Three-phase inverter
A three-phase inverter could be constructed from three inverters of the type shown earlier. However, it is more economical to use a six-pulse (three-leg) bridge inverter as shown in Figure 6.29.
In its simple form, a square output voltage waveform can be obtained by switching each leg high for one half-period and low for the next half-period, at the same time ensuring that each phase is shifted one third of a period (120º), as shown in the Figure 6.30.
The resulting phase-to-phase voltage waveform comprises a series of square pulses whose widths are two-thirds of the period of the switch, in each phase.
The resulting voltage waveform is called a quasi-square wave (QSW) voltage. This simple technique was used in early voltage source inverters (VSI), which used the forced commutated thyristors in the inverter bridge. To maintain a constant V/f ratio, the rectifier bridge controlled the magnitude of the DC bus voltage, in order to keep a fixed ratio to the output frequency, which was controlled by the inverter bridge. This technique was also known as the pulse amplitude modulation (PAM).
The output voltage of a three-phase converter has a harmonic spectrum, very similar to the single-phase square wave, except that the triplen harmonics (harmonics whose frequency is a multiple of three times the fundamental frequency) have been eliminated. In an inverter with a three-phase output, this means that the 3rd, 9th, 15th, 21st, etc. harmonics are eliminated. To develop a three-phase variable voltage AC output of a particular frequency, the voltages VAN, VBN, VCN on the three output terminals a, b, and c in Figure 6.29 can be modulated on and off to control both the voltage and the frequency.
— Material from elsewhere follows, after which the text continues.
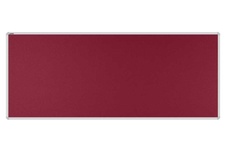 Stolový paraván EKONOMIK ekoTAB, oblý roh, 160x65 cm, bordó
The pulse–width ratio over the period can be changed according to a sine-coded PWM algorithm (Figure 6.31).
When the phase–phase voltage VAB is formed, the present modulation strategy gives only positive pulses for a half period followed by negative pulses for a half period, a condition known as consistent pulse polarity. It can be shown that the consistent pulse polarity guarantees the lowest harmonic distortion, with most of the distortion being at twice the inverter chopping frequency. Therefore, these are the types of inverters used in industrial applications. The same methods are also used in AC drives.